やんちゃんこ2つのブログ

チーフからのお便り

七五三の由来

2020年11月06日

 

 尼崎市での新型コロナウィルス感染者数は、現在約400人を越えました。気を緩めずに手洗い・マスクでの予防と消毒を続けていきましょう! また「兵庫県の新型コロナ追跡システム」で、「わいわいステーション」としてのQRコードが発行されました。来られた時に毎回QRコードを読み取っていただだくことになりますがコロナ対策の一つとして、ご活用してくださればと思います。

  今月は七五三がありますね。その七五三の由来について調べてみました。

 医療の発達が未熟で衛生面もよくなかった昔は、こどもの死亡率がとても高く「7歳までは神のうち」として、人として完全にはこの世に誕生していない存在と考えられていました。そんな過酷な生育環境の中でこどもが無事に育つことは大きな喜びであり、親として健やかな成長を願わずにはいられないものでした。それゆえ、3歳・5歳・7歳の節目に成長を神様に感謝し、お祝いをしたことが七五三の由来とされています。

 その起源は、平安時代頃から宮中で行われていた3つの行事が基になっていると言われています。

  3歳「髪置きの儀」(別名:「櫛置き」「髪立て」)

 平安時代の頃は男女ともに生後7日目に頭髪を剃り、3歳頃までは丸坊主で育てていました。これは頭を清潔に保つことで病気の予防になり、また健康な髪が生えてくると信じられていたためです。3歳の春を迎える頃に「髪置きの儀」を行い、成長を祝い、髪の毛を伸ばし始めました。

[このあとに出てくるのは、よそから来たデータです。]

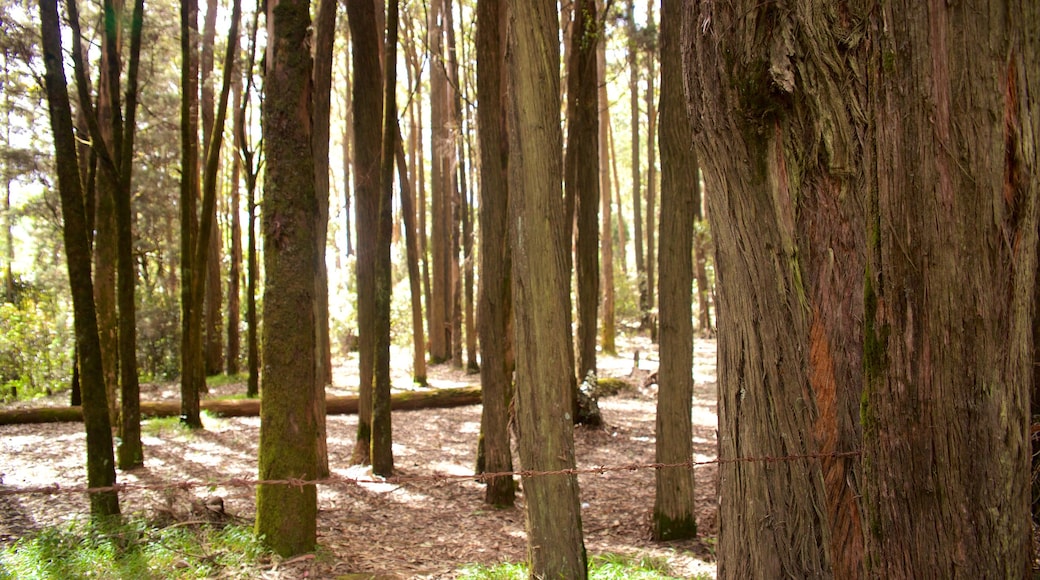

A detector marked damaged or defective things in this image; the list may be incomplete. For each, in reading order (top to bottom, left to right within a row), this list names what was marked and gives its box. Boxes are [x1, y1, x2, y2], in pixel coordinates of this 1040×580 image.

rusty barbed wire [0, 448, 860, 498] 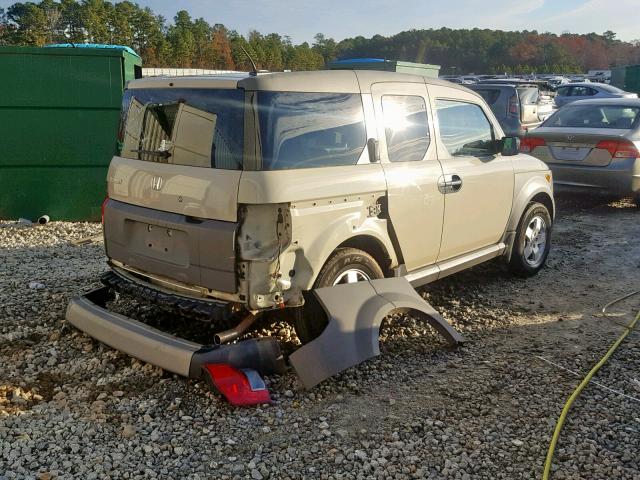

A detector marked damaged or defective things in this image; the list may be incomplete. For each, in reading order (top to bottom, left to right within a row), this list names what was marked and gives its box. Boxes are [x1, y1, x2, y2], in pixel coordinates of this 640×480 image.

broken tail light housing [520, 136, 544, 153]
broken tail light housing [596, 139, 640, 159]
damaged rear of suv [67, 69, 552, 378]
rusty metal pipe [212, 312, 258, 344]
detached fender flare [290, 278, 464, 390]
torn body panel [292, 278, 464, 390]
broken tail light housing [204, 366, 272, 406] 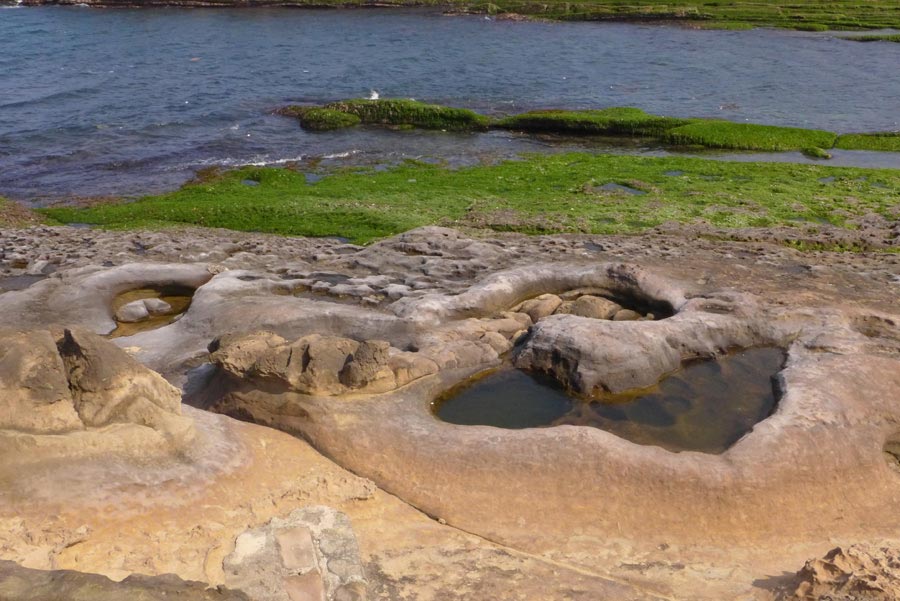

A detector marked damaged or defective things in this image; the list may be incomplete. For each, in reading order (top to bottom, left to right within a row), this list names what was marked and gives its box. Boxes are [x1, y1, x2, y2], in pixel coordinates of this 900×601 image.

pothole erosion [108, 282, 196, 336]
pothole erosion [436, 344, 788, 452]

  5歳「袴着(はかまぎ)の儀」(別名:「着袴(ちゃっこ)」)

平安時代、57歳の頃に当時の正装である袴を初めて身に付ける「袴着の儀」を執り行ない、この儀式を経て男の子は少年の仲間入りをし、羽織袴を身に付けたとされています。当初は男女ともに行っていた儀式でしたが、江戸時代に男の子のみの儀式に変わっていきました。

  7歳「帯解(おびとき)の儀」(別名:「紐落し」「四つ身祝い」)

 鎌倉時代、着物を着る際に使っていた付け紐をとり、帯を初めて締める成長の儀式が執り行われていました。これが室町時代に「帯解の儀」として制定され、当初は男女ともに9歳で行われていたとされています。そして江戸時代に男児は5歳で「袴着の儀」を、女児は7歳で「帯解の儀」の行う形に変わっていき、この帯解を経て大人の女性へ歩み始めると認められていました。

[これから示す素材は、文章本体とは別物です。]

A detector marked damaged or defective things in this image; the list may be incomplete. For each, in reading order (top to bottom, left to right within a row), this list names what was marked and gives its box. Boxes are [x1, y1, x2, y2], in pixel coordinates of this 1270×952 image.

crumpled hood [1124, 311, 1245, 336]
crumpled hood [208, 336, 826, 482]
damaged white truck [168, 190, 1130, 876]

  3歳 ・5歳・7歳を節目とした理由は、暦が中国から伝わった際に奇数は陽、つまり縁起がいいとされたからだとか、「3歳で言葉を理解し、5歳で知恵がつき、7歳で乳歯が生え変わる」という成長の節目の歳だからなどが言われています。諸説あるようですが子どもを思う親の気持ちは昔々から変わらず、このような伝統行事を大切につなげていきたいと願います。